Available data:
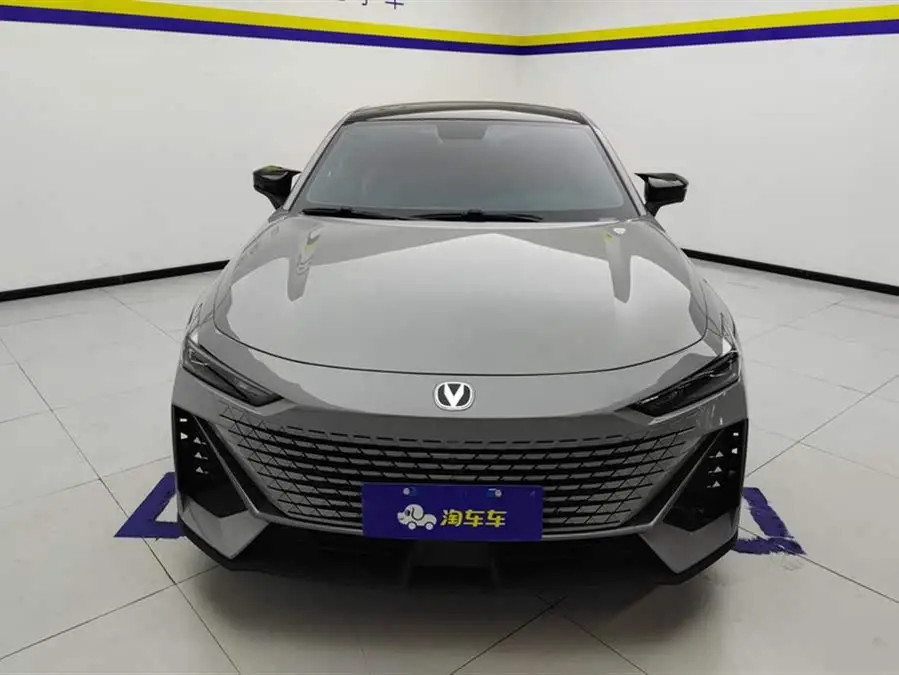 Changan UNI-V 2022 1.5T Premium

...

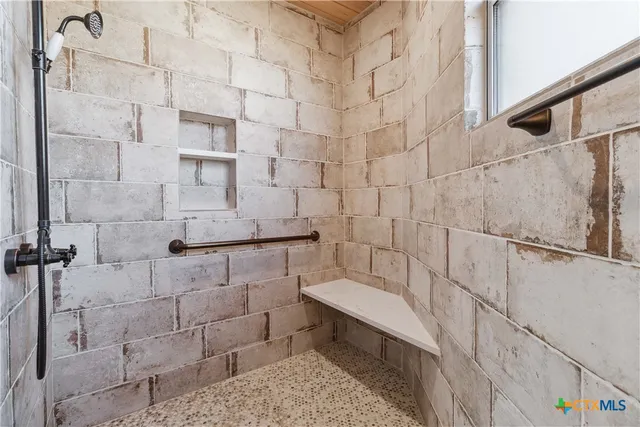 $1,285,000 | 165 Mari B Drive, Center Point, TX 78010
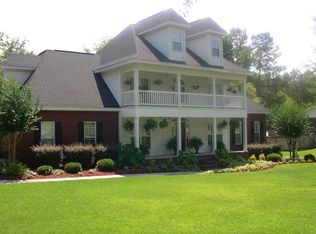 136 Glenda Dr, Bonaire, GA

Exercise instructions:
Only the lines starting at the one that includes "Point, TX 78010" and ending at the one that includes "136 Glenda Dr, Bonaire, GA" should be retyped, exactly, from the records above; no pictures.

Answer to this task:
 $1,285,000 | 165 Mari B Drive, Center Point, TX 78010
 136 Glenda Dr, Bonaire, GA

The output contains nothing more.